Such agents must find each other and perform a useful joint computation without
having to know about every other such agent on the network. Since the graphical model
studied in my research captures precisely the dynamic nature and the local
aspect of the interacting user environment, it’s extremely suitable for those
studies.
Two
problems that I have worked on and are still exploring are Multi-agent Flocking problem and Multi-agent
Rendezvous problem (conference versions here: flocking,
rendezvous) which I will summarize as follows:
In
the flocking problem, we are interested in regulating a group of autonomous
agents, each with limited sensing region, to move towards a common heading in a
distributed manner. By distributed we mean each agent makes decision on its own
based on the information it receives from its neighbors. No central commander
in the scheme. The same heading problem was first introduced by Craig Reynold in his boid model and later on Vicsek et al. in their physics review
paper performed experiments on the heading rule similar to Reynold’s and
provided a variety of interesting simulation results which demonstrate that the
nearest neighbor rule they are studying can cause all agents to eventually move
in the same direction despite the absence of centralized coordination and
despite the fact that each agent’s set of nearest neighbors change over time.
While Toner and Tu
construct a continuous “hydrodynamics” model of the group of agents and proved
the emergent behavior of the system, in our flocking
paper, we provide a direct theoretical explanation for Vicsek’s
discrete-time model for this observed behavior. To analyze such model, a
discrete-time system recursion equation is set up using the knowledge from
Graph Theory and it proves useful to appeal to well-known result by Wolfowitz
on the convergence of infinite product of ergodic matrices. The study of
infinite matrix products is ongoing. For interested readers please refer to the
reference [19]-[26] in our flocking paper and the
references therein. There are numerous papers following up on our flocking
paper and if you go to scholar.google.com you will find plenty of them.
In
the rendezvous problem, as in [1],
we are interested in regulating a similar capacitated group of autonomous
agents to rendezvous at a single unspecified point in the plane. Again, we
would like to accomplish this task in a distributed manner and without any
global knowledge of the group and the final rendezvous site. We introduce a
sequence of “stop-and-go” maneuvers for
each agent and solve the problem both in synchronous and a truly asynchronous
case. It’s worth noting that many papers existed in the literature on the
coordination control have claimed that their result fits in an asynchronous
setting. But in fact, most of them are actually delayed synchronous version in
that not all agents perform at the same time and the performing agents are
synchronized. In our rendezvous paper (part I, II), we discovered an important principle exists in many of
the emergent behaviors of a multi-agent system, i.e. sticking to a local
property will cause the global property to hold. Also, because of the asynchronous
nature of the problem and the “stop-and-go” maneuvers we introduced, agents’
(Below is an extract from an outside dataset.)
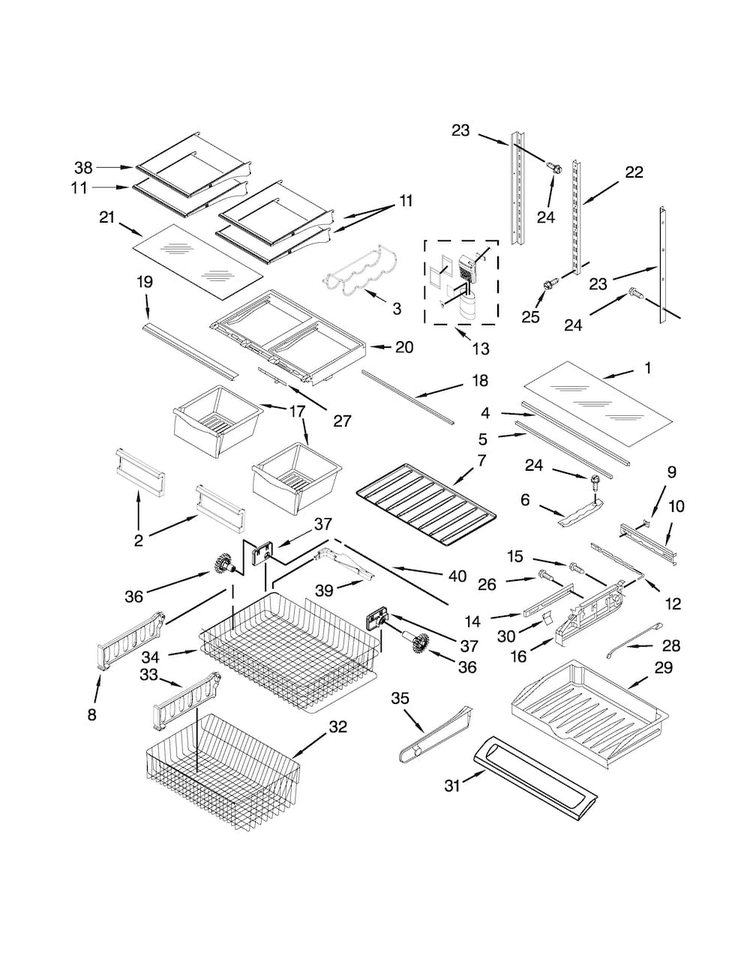 Shelf Parts Diagram and Parts List for KRFC300EWH01  KitchenAid Refrigerator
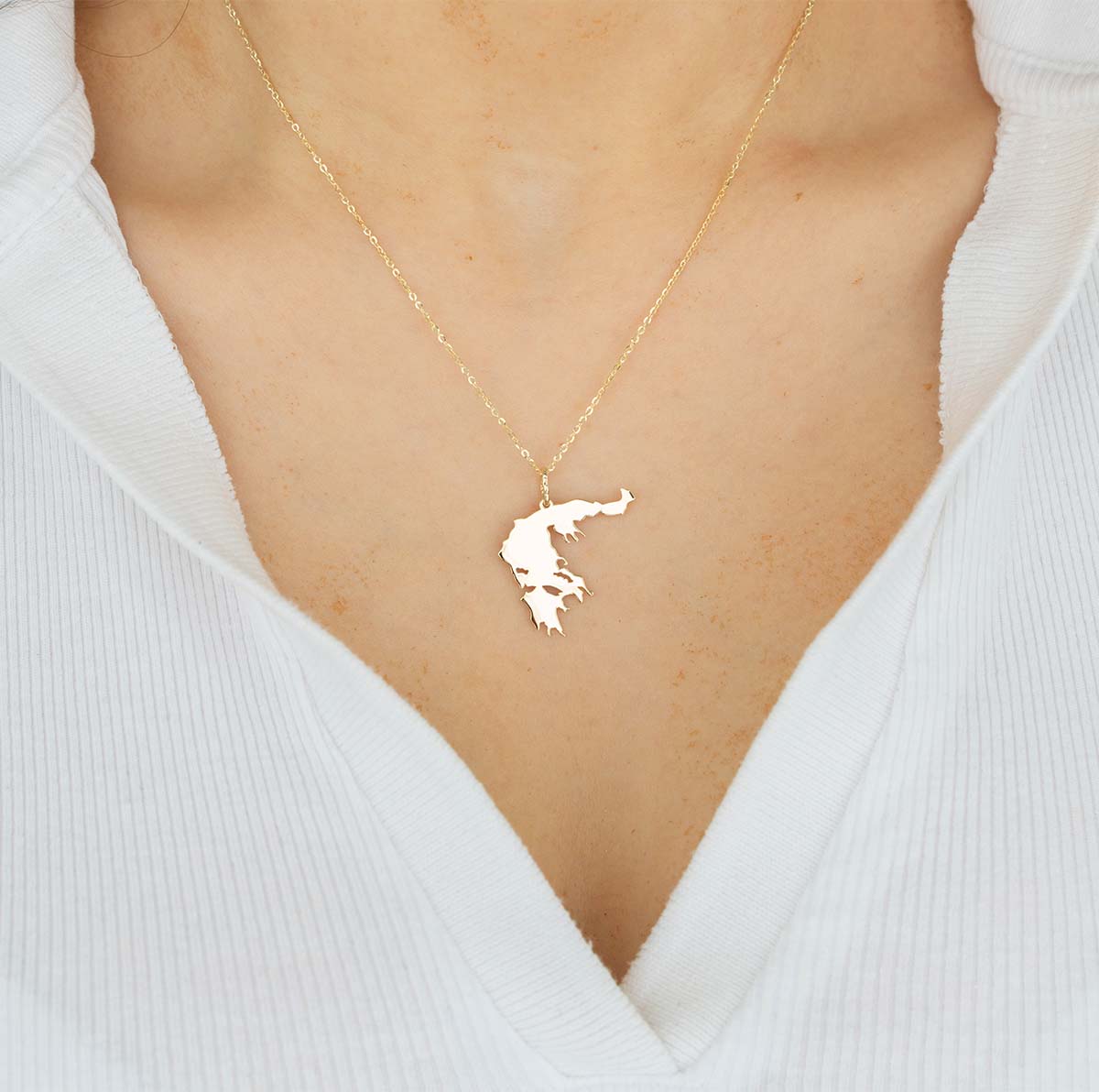 Greece Country Map Necklace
neighbors position under study becomes obscure. To account for this, we
introduced a concept of “registered neighbors” with “registered positions”
which helped to solve the problem. We also used “Analytic Synchronization” technique to create a deterministic
synchronous discrete system to analyze the asynchronous behavior which is
applicable in other asynchronous analysis.
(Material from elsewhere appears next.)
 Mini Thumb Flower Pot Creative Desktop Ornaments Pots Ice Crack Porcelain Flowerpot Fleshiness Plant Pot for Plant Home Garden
It’s worth mentioning that we initially used a non-deterministic model to analyze the asynchronous rendezvous
problem which is intrinsically more complex. You can get it here if you are interested in learning the ordeal
that we went through.
Also
lately, I have been working on applying the concept of “Controlled Mobility” to
the area of wireless networking to optimize the energy consumption. For
interested readers, please refer to our recent paper titled “Towards
Mobility as a Network Control Primitive” submitted to Mobihoc 2004. More
interesting topics utilizing the Controlled Mobility in the context of wireless
network will come along in the near future. Stay tuned.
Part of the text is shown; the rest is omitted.